政治

パンデミックがもたらした最大の試練:モハメド・エラリアン

ケンブリッジ大学クイーンズ・カレッジ校長も務めるモハメド・エラリアン氏は、パンデミックがもたらした最大の試練を格差拡大だと話している。


私たちが見ることになるのは、より分岐、二極化した状況だ。
パンデミックによってそれがもたらされがことを認識すべきだ。

エラリアン氏がCNBCで、パンデミックが労働者に及ぼした影響についてインタビューを受けている。
同氏によれば、パンデミックがもたらした最大の試練は格差問題だったという。

当初はみんな等しくコロナウィルスの危険にさらされていると考えていた。
同じ状況にあり、一緒に抜け出すと考えていた。
『みんなが安全になるまで誰も安全じゃない』という言葉を聞いただろう。
しかし、すぐにそうでないことが明らかになった。

当初、病気は等しく人々を苦しめると考えられていた。
しかし、そうではなかった。

エラリアン氏は、ホワイトカラーとエッセンシャル・ワーカーを例に説明している。
ホワイトカラーは安全にリモート・ワークで就業することで、雇用や所得について比較的心配なくやり過ごすことができた。
一方、エッセンシャル・ワーカーは職を守るために感染の危険があっても現場での仕事を続けざるをえなかった。
こうして、公衆衛生と経済の両面で明暗が分かれることとなった。
エラリアン氏はこうした状況を「大いなる不平等化」と呼び、政治だけでなく企業も真剣に向き合うべきと主張した。

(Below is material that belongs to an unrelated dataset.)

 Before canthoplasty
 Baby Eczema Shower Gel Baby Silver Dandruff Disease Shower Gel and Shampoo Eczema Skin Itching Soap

エラリアン氏は、パンデミックのもたらした二極化を次のように描写する。

「過去、社会・経済・政治・制度の分布は良い形にあった: 正規分布、ベルの形だ。
それが、カーブの真ん中が下がり、すそ野が上昇した。」

これまで1つのベルだった分布が、2つのベルに分かれた分布になった。
エラリアン氏は、こうした分布は元の分布に比べてはるかに不安定だとし、放置すべきでないと主張した。
不安定な分布は不安定な社会を連想させる。

エラリアン氏は米経済について、2022年半ばまでにパンデミック前に回復するとの見通しを示した。
ただし、これは合計の数字についてだ。
一方で、所得・富の格差だけでなく、機会の格差も悪化したと指摘する。
パンデミックで焼け太った人もいれば、割を食って取り残された人もいるのだ。

女性が男性よりはるかに厳しい影響を受けている。
マイノリティがマジョリティよりはるかに厳しい影響を受けている。
低学歴の人が大学以上の学歴の人よりはるかに厳しい影響を受けている。